The answer must be an exact reproduction of the lines from the start of the records below through the line containing "ford fiesta mk", and nothing more.

* **Data supplied**:
┄┄┄┄┄┄┄┄┄┄

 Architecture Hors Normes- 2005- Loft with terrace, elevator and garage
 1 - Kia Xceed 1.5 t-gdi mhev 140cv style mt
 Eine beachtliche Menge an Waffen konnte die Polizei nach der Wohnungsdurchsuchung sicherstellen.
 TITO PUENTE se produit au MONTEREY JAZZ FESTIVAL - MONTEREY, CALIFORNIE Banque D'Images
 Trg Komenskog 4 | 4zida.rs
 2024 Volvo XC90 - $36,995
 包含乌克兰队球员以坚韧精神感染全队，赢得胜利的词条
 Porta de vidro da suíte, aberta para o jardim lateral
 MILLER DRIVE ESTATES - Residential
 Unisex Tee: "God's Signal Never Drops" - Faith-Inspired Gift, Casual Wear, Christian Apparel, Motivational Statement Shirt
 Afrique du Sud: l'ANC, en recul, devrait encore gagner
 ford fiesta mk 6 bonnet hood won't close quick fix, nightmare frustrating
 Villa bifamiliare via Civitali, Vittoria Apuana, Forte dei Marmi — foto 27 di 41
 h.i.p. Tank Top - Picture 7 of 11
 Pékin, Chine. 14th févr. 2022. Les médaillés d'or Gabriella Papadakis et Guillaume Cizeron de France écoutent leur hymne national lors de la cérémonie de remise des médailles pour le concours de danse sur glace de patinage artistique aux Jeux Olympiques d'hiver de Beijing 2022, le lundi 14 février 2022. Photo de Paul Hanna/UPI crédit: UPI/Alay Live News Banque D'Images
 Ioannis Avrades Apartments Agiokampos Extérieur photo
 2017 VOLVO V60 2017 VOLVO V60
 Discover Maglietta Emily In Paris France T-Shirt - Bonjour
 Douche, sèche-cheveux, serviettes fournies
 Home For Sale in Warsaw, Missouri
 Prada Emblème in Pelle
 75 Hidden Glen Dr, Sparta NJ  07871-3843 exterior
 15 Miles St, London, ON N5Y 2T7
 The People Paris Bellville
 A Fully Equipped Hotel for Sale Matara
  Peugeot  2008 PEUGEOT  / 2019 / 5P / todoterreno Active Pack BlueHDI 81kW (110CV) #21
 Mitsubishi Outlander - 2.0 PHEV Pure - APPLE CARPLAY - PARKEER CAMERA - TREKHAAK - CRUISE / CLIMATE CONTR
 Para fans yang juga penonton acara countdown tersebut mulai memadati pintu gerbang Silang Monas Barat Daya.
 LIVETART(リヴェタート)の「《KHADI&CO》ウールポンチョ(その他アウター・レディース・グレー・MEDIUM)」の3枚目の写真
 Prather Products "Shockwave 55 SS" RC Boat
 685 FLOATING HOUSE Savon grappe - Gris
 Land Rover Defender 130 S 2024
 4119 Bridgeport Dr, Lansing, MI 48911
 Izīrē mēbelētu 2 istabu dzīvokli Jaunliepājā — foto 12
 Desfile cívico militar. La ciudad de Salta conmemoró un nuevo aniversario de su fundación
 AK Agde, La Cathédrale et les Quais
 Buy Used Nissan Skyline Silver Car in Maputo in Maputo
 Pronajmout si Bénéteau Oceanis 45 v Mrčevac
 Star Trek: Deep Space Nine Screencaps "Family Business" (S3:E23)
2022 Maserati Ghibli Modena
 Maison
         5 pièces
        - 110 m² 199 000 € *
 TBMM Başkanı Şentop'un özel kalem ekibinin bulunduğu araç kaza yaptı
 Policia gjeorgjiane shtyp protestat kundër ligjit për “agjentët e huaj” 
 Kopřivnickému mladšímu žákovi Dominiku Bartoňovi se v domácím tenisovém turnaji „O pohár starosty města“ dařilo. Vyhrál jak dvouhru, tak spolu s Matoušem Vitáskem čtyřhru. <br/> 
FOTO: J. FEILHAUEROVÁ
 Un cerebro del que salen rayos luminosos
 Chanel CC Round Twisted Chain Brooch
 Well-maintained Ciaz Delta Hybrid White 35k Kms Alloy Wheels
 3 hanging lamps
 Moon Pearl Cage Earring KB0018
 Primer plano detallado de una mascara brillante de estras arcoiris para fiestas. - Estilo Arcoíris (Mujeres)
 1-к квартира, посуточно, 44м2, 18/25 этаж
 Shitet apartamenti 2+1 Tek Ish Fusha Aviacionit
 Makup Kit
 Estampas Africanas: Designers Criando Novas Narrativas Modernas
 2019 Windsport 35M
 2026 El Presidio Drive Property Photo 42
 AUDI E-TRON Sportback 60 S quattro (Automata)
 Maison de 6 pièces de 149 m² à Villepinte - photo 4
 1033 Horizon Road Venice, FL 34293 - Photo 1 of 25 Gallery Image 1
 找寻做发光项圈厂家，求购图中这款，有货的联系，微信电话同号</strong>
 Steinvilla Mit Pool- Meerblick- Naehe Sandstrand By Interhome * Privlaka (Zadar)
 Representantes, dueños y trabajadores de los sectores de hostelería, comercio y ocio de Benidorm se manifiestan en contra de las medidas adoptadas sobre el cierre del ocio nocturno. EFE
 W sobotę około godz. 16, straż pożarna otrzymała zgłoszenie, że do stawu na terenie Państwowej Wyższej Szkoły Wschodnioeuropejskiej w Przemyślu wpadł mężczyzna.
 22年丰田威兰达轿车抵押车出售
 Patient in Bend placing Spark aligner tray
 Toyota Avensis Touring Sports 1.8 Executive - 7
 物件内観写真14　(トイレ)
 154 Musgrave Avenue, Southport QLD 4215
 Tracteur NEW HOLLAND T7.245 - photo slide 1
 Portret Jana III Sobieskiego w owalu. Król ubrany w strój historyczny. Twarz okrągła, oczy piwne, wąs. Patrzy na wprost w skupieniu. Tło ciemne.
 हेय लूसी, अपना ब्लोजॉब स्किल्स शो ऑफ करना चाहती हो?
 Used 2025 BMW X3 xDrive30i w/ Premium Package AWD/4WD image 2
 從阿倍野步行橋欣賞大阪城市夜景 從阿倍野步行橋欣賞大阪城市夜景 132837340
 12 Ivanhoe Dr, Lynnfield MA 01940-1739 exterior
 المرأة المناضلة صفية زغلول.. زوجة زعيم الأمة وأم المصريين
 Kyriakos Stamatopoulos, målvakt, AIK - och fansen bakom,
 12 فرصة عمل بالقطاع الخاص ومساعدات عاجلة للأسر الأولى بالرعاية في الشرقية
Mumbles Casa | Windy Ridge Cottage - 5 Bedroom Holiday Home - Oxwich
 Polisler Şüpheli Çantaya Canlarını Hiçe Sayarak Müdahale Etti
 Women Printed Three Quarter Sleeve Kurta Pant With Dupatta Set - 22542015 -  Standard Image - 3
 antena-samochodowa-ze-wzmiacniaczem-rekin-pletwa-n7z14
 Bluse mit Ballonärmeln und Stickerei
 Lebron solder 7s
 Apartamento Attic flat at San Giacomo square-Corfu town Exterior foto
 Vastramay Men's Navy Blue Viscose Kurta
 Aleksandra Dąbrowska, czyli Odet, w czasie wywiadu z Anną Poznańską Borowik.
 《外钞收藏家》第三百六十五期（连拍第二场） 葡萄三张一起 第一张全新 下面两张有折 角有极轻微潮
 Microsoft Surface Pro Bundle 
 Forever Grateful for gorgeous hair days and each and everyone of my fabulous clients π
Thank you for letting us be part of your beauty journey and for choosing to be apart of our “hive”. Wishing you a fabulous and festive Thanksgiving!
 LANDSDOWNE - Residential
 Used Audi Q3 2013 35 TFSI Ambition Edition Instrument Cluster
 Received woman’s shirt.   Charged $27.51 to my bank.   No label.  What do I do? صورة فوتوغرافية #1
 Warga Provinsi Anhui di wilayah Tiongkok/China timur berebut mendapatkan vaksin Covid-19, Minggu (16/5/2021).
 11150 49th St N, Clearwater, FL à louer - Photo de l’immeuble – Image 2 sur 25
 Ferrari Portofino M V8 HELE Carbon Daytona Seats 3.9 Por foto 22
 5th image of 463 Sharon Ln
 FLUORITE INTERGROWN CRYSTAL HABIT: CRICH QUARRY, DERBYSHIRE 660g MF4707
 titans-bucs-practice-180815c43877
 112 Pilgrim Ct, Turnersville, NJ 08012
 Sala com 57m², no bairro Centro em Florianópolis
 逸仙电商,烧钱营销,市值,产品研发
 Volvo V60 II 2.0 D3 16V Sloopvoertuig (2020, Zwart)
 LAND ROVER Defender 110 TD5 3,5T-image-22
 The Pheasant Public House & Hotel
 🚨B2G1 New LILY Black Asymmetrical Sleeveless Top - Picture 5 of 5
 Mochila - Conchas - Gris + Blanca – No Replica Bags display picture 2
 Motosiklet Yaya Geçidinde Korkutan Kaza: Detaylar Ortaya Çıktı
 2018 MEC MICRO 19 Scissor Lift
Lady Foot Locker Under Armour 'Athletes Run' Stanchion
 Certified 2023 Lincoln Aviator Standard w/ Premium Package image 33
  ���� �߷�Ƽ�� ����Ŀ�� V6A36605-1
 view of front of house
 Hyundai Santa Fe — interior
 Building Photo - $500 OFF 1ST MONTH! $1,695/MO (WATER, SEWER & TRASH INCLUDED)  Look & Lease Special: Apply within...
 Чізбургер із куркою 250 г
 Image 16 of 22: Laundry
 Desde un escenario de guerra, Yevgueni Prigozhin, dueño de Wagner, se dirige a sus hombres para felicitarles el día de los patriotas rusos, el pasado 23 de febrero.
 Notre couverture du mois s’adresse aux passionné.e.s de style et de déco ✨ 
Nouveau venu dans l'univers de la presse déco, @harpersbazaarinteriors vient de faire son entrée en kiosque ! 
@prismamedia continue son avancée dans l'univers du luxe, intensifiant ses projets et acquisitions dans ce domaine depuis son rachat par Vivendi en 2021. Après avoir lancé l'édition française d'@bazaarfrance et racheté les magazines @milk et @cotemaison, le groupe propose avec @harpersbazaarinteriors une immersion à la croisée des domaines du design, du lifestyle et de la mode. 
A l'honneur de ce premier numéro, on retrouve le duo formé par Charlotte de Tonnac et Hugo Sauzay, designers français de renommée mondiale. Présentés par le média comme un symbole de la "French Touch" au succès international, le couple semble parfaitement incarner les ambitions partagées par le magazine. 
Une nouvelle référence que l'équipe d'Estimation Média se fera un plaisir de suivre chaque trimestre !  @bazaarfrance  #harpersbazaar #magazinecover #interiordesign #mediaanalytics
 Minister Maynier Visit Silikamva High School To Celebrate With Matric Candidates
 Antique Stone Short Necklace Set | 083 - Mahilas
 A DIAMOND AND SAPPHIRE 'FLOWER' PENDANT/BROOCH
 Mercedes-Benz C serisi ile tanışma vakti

┄┄┄┄┄┄┄┄┄┄

* **Answer section**:
 Architecture Hors Normes- 2005- Loft with terrace, elevator and garage
 1 - Kia Xceed 1.5 t-gdi mhev 140cv style mt
 Eine beachtliche Menge an Waffen konnte die Polizei nach der Wohnungsdurchsuchung sicherstellen.
 TITO PUENTE se produit au MONTEREY JAZZ FESTIVAL - MONTEREY, CALIFORNIE Banque D'Images
 Trg Komenskog 4 | 4zida.rs
 2024 Volvo XC90 - $36,995
 包含乌克兰队球员以坚韧精神感染全队，赢得胜利的词条
 Porta de vidro da suíte, aberta para o jardim lateral
 MILLER DRIVE ESTATES - Residential
 Unisex Tee: "God's Signal Never Drops" - Faith-Inspired Gift, Casual Wear, Christian Apparel, Motivational Statement Shirt
 Afrique du Sud: l'ANC, en recul, devrait encore gagner
 ford fiesta mk 6 bonnet hood won't close quick fix, nightmare frustrating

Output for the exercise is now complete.